It works neither for TFRecordDataset.

import tensorflow as tf
import numpy as np
import pandas as pd
import os
import shutil
from tensorflow.python.data.ops import dataset_ops


def make_one_shot_iterator(ds):
  if hasattr(dataset_ops, 'make_one_shot_iterator'):
    return dataset_ops.make_one_shot_iterator(ds)
  return ds.make_one_shot_iterator()


def make_initializable_iterator(ds):
  if hasattr(dataset_ops, 'make_initializable_iterator'):
    return dataset_ops.make_initializable_iterator(ds)
  return ds.make_initializable_iterator()


# Define features
feature_description = {
    'test1': tf.io.FixedLenFeature([], dtype=tf.float32),
    'test2': tf.io.FixedLenFeature([], dtype=tf.float32)
}


def _parse_function(example_proto):
  return tf.io.parse_example(example_proto, feature_description)


def write_pb(df, file):
  # Write TFrecord file
  with tf.io.TFRecordWriter(file) as writer:
    for index, row in df.iterrows():
      print(row['test1'], row['test2'])
      # Create the Example
      example = tf.train.Example(features=tf.train.Features(
          feature={
              'test1': tf.train.Feature(float_list=tf.train.FloatList(value=[row['test1']])),
              'test2': tf.train.Feature(float_list=tf.train.FloatList(value=[row['test2']]))
          }))
      writer.write(example.SerializeToString())
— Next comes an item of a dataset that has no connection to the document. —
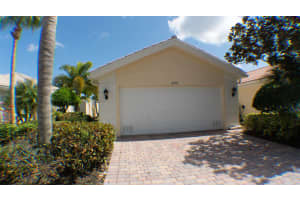 8703 SE Retreat Dr, Hobe Sound, FL 33455, Sold 04/29/22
new_dtypes = {"test1": np.float32, "test2": np.float32}

train_df = pd.DataFrame(np.random.randint(0, 100, (5, 2)), columns=['test1', 'test2'])
train_df = train_df.astype(new_dtypes)
write_pb(train_df, 'train.tfrecord')

test_df = pd.DataFrame(np.random.randint(0, 100, (2, 2)), columns=['test1', 'test2'])
test_df = test_df.astype(new_dtypes)
write_pb(test_df, 'test.tfrecord')


def train(train_dataset, test_dataset):
  """
  Create graph with an Dataset and Iterator and save the model.

  There is some op that is applied to the data from the iterator.
  """
  iterator_handle = tf.placeholder(tf.string, shape=[])
  tf.add_to_collection('iterator_handle', iterator_handle)

  iterator = tf.data.Iterator.from_string_handle(iterator_handle, dataset_ops.get_legacy_output_types(train_dataset),
                                                 dataset_ops.get_legacy_output_shapes(train_dataset),
                                                 dataset_ops.get_legacy_output_classes(train_dataset))
  train_iter = make_initializable_iterator(train_dataset)
  test_iter = make_initializable_iterator(test_dataset)
  element = iterator.get_next()

  v = tf.get_variable(name='v', initializer=tf.zeros(shape=(1, 2)))

  # to use when saving summaries
  global_step = tf.Variable(0, name='global_step', trainable=False, dtype=tf.int32)
  increament_global_step = tf.assign(global_step, global_step + 1)
  global_step = global_step + 1
  tf.add_to_collection('increament_global_step', increament_global_step)

  some_op = tf.assign(v, v + tf.abs(element['test1']))
  tf.add_to_collection('some_op', tf.reduce_sum(some_op))

  tf.summary.scalar('v_sum', tf.reduce_sum(v))
  tf.summary.scalar('some_op', tf.reduce_mean(some_op))
  merged_summary = tf.summary.merge_all()
  tf.add_to_collection('merged_summary', merged_summary)

  writer = tf.summary.FileWriter('checkpoints_pb', graph=tf.get_default_graph())
  saver = tf.train.Saver()

  with tf.Session() as sess:
    sess.run(tf.global_variables_initializer())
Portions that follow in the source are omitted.